Friends of mine have charted a bareboat catamaran from moorings in greece. I am planning to join them for a 2 week sailing trip around the dodecanese islands. Since I have never really sailed before I of course have some concerns. One of big concerns as I research are the Meltemi winds. I was wondering if anyone out there has had first hand experience with these winds and can tell me what might be in store. Also if you have any advice about itineraies. i would love some suggestions. Thanks.


----------



## TSOJOURNER (Dec 16, 1999)

The meltemi winds are a local wind that blow from July though till September, with August being the strongest month. They are tough, wind speeds average 30+ knots with local area winds sometimes in the mid 40+ knots. Sea conditions are also rough wave hieghts can get to around 3-4 meters in open water.
The winds are caused when 2 pressure zones meet over the Aegean, one over greece and one over turkey, which is what we normally have most of the summer. The dodecanese suffer particularly hard as they tend to be more inthe Meltemi zone, then most of the other islands also hit hard are the Cyclades island group. When the Meltemi blows it is not advisable to go out unless you are a VERY EXPEREINECED SAILOR. Often even the ferries stay in port. The wind can blow for days. Many a charter has been ruined as the yacht has not left port or just not seen any islands.
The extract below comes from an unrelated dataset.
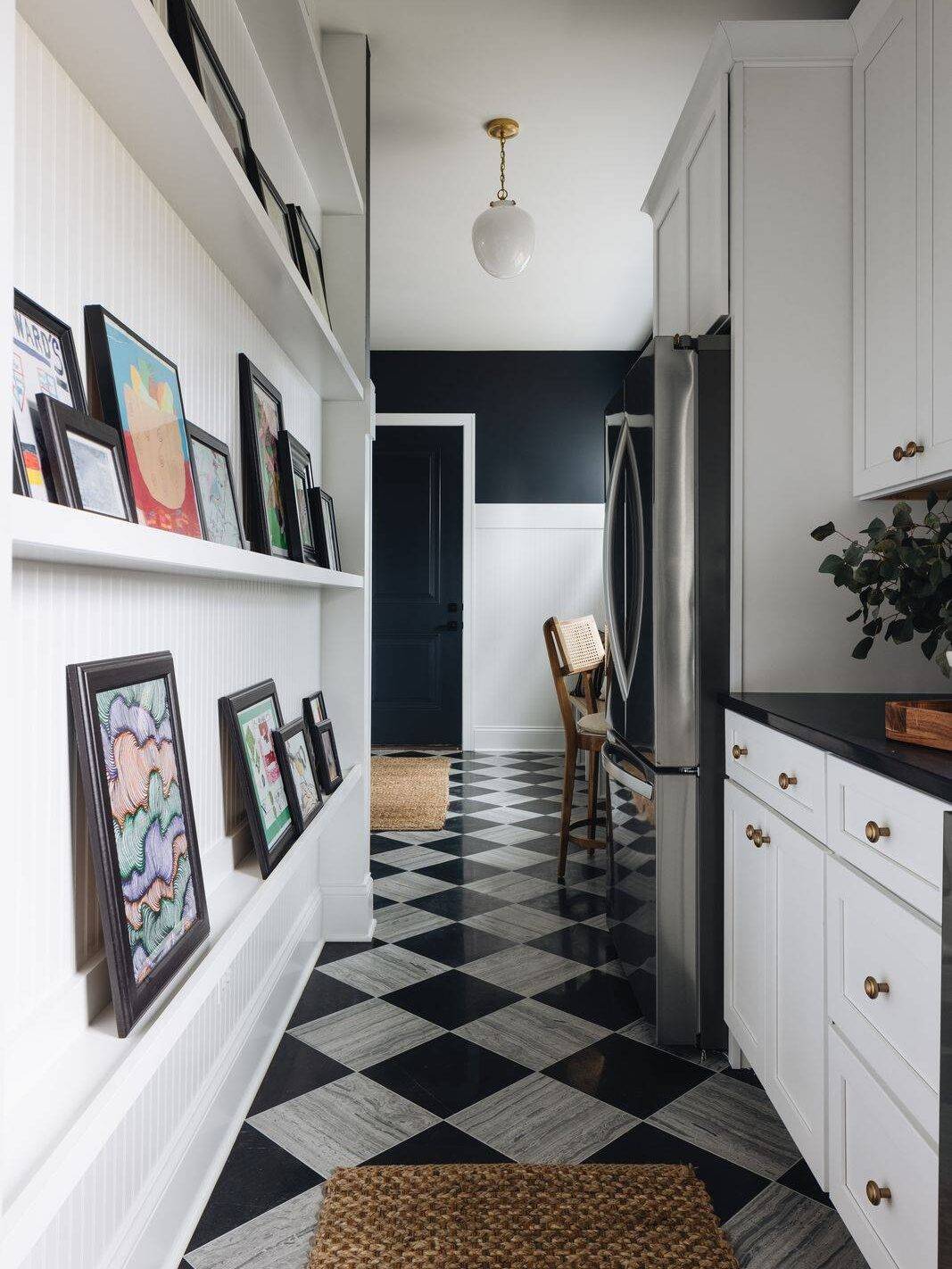 Mudroom with silver and black limestone checkerboard floor and pictures on the wall. 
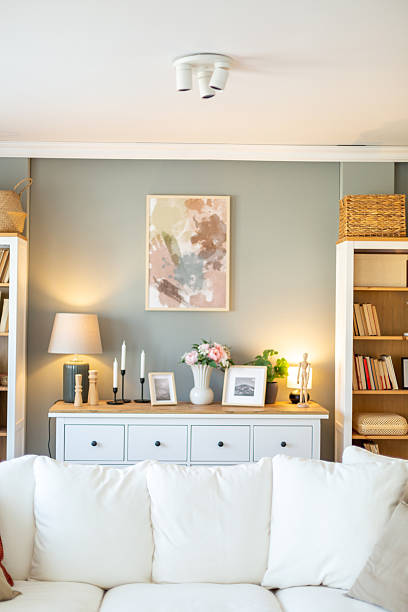 istock Modern living room interior design with white sofa and stylish decor 2212402819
With a catarmaran in Meltemi conditions I wish you luck, not what I would choose to sail on in those types of conditions.
Have fun, and look on the bright side we may not have a bad Meltemi season, there have been years when it never arrived.......


----------



## TSOJOURNER (Dec 16, 1999)

We sailed a 45 foot Sun Odysses last year & had a couple of days Meltemi. As the previous chap responded, you can be VERY unlucky with the winds. We simply had strong winds which died down sometime after lunch. Wind speeds passed the 35mph point & waves were high. We had no problem with the meltemi as we simply sheltered in the morning then sailed when it had subsided. We opted to sail through one day as we needed to cover some distance & also thought the experience would be valuable to us as we have only been sailing for 3 years. I would advise not to worry too much about the meltemi: simply sail completely within your abilities: if this means staying in port - STAY IN PORT!


----------



## TSOJOURNER (Dec 16, 1999)

We sailed a 45 foot Sun Odysses last year & had a couple of days Meltemi. As the previous chap responded, you can be VERY unlucky with the winds. We simply had strong winds which died down sometime after lunch. Wind speeds passed the 35mph point & waves were high. We had no problem with the meltemi as we simply sheltered in the morning then sailed when it had subsided. We opted to sail through one day as we needed to cover some distance & also thought the experience would be valuable to us as we have only been sailing for 3 years. I would advise not to worry too much about the meltemi: simply sail completely within your abilities: if this means staying in port - STAY IN PORT!


----------